Los bizantinos, como enseñó Baynes, sabían los nombres secretos de los vientos y cuando en la mar una nave se encontraba con uno en demasía poderoso, desplegando toda su fuerza contra las velas, el capitán lo llamaba por el título suyo, recordaba sus padres, y le pedía que amainase. Cada viento, además, tenía su patrón y los bizantinos se encomendaban a San Jorge cuando pedían serenidad al lebeche, y a San Cirenión cuando agobiaban los vientos revueltos de la Gran Sirte, de los que se dijo que, antes de ir a rolar por el mar, saltaban sobre Alejandría y robaban la luz del gran faro, se iluminaban con ella, y ya se encontraban en condiciones de asaltar el mundo.
De los vikingos se dijo que sabían adormecer los vientos con una magia en la que entraban cantos de pájaros, pero en ningún lugar he encontrado detallado este asunto. En cambio, los pilotos de los califas de Bagdad conocieron en el Índico, más allá de Trapobana, a ricos príncipes que tenían vientos como esclavos, y que les cobraban un tanto en oro por tener a sus fieles sujetos, como perro con cadena, mientras las naves árabes iban y venían de Especiería.
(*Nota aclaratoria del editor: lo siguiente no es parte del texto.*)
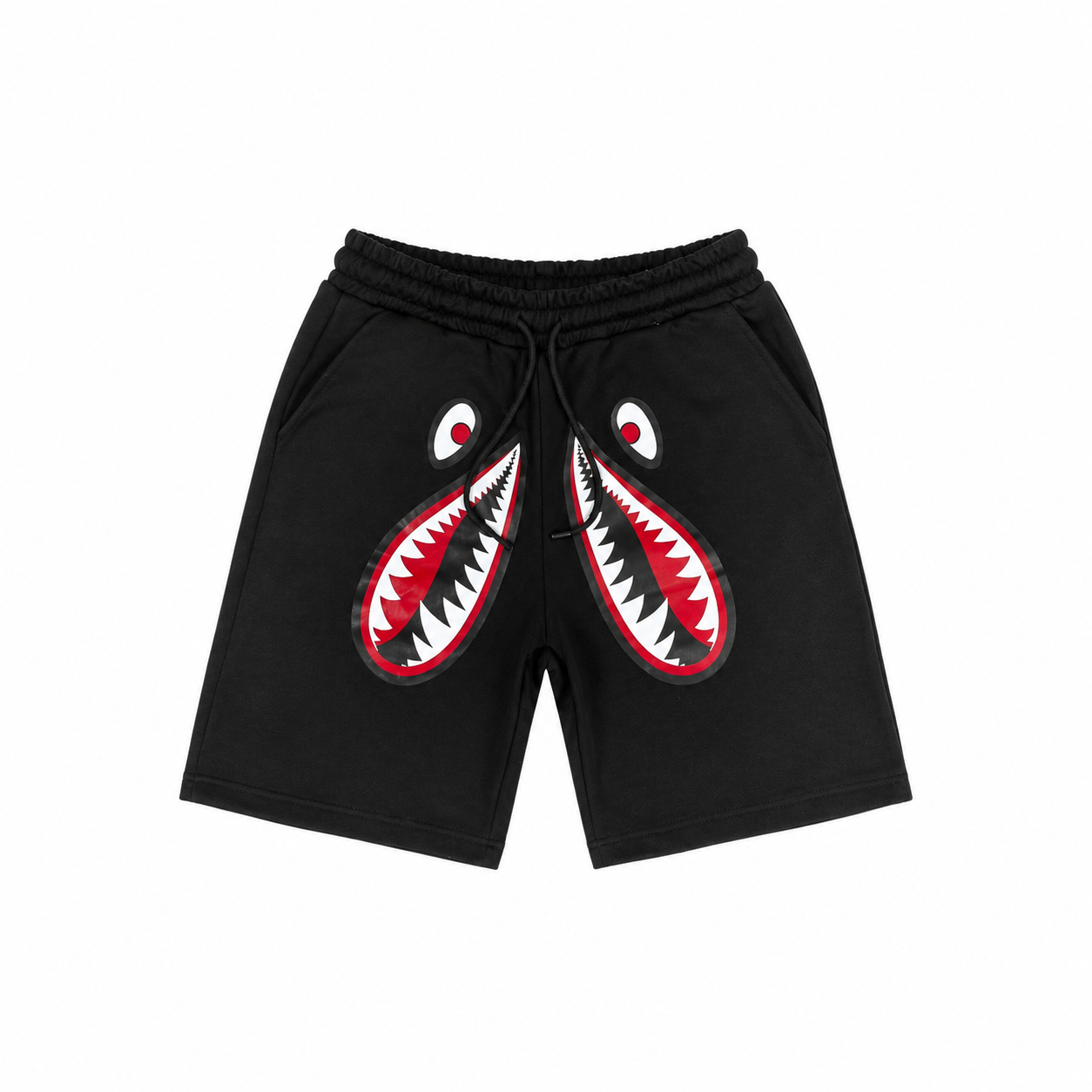 Bape Shark Baskılı Şort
Simbad conocía todos estos príncipes, y alguno, poniéndose previamente el gran piloto a seguro, le hacía, por amistad, demostración de temporales, pasando los vientos desatados en loca carrera hacia el Sur, donde desgajaban islas de sus asientos, dejándolas al garete en los mares australes, donde las encontrará un paisano mío, Seijas y Lobera, quien, con las noticias que trajo del austro, llegó a pertenecer a la Academia de Ciencias de París a comienzos del siglo XVIII. En fin, vino contra la tierra mía el salvaje viento del Oeste. Esta vez no se contentó con desnudar los bosques de hojas secas, ni de levantar torbellinos de hojarasca multicolor en las viñas. Esta vez vino decidido a abatir árboles, dejándolos con las raíces al aire. El pino cae fácilmente, pero resisten el roble y el castaño, los árboles del antiguo bosque gallego. Pueden dejar una rama en la contienda con el viento, pero al final el vendaval se aleja, supongo que con la cabeza baja, contentándose con derribar unos manzanos o quebrar un cerezo. Dicen que los daños del pasado temporal del segundo domingo de Adviento, pasan de los mil millones de pesetas en toda Galicia, especialmente en las Mariñas de Lugo. Por cierto, que si es verdad que para ir a Belén hay que pasar el río Miño, como dice el villancico, la ventolera habrá encontrado a los Magos en Portomarín o en Meira, y los fuertes aguaceros habrán apagado los faroles de sus criados, y mojado las hermosas vestiduras, aquellas que les vieron los pintores de antaño, flamencos y toscanos. Cuando los pintores sabían pintar la Adoración, o un paso del viaje de los magníficos señores agoreros… Y nunca sabremos por qué a los vientos, a los grandes vientos que moran en el océano, se les ocurren estas terribles algaras sobre la mansa térra agraria en la que el hombre cosecha el pan y el vino.